— INSTRUCTIONS FOR THE TASK —
Here is a listing, set out below; repeat its lines from the one with "GNALIA Forbici Vendemmia" to the last, both included, and leave out the pictures.

— SUPPLIED DATA —
-=-=-

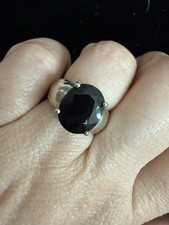 Sterling Silver 925 Large Black Spinel Ring Size 6 Prong Setting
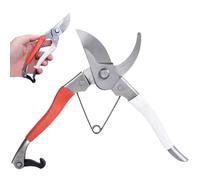 GNALIA Forbici Vendemmia 1 Pezzo, Cesoie Da Potatura Bypass Con Lame Acciaio Antiaderente, Lunghezza 20Cm, Diametro Taglio 2.2Cm, Colore Rosso Bianco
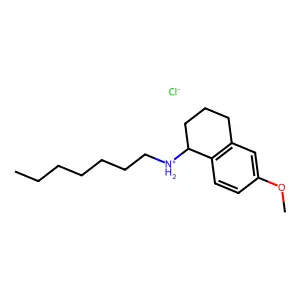 1-Naphthylamine, 1,2,3,4-tetrahydro-N-heptyl-6-methoxy-, hydrochloride structure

-=-=-

— EXPECTED ANSWER —
 GNALIA Forbici Vendemmia 1 Pezzo, Cesoie Da Potatura Bypass Con Lame Acciaio Antiaderente, Lunghezza 20Cm, Diametro Taglio 2.2Cm, Colore Rosso Bianco
 1-Naphthylamine, 1,2,3,4-tetrahydro-N-heptyl-6-methoxy-, hydrochloride structure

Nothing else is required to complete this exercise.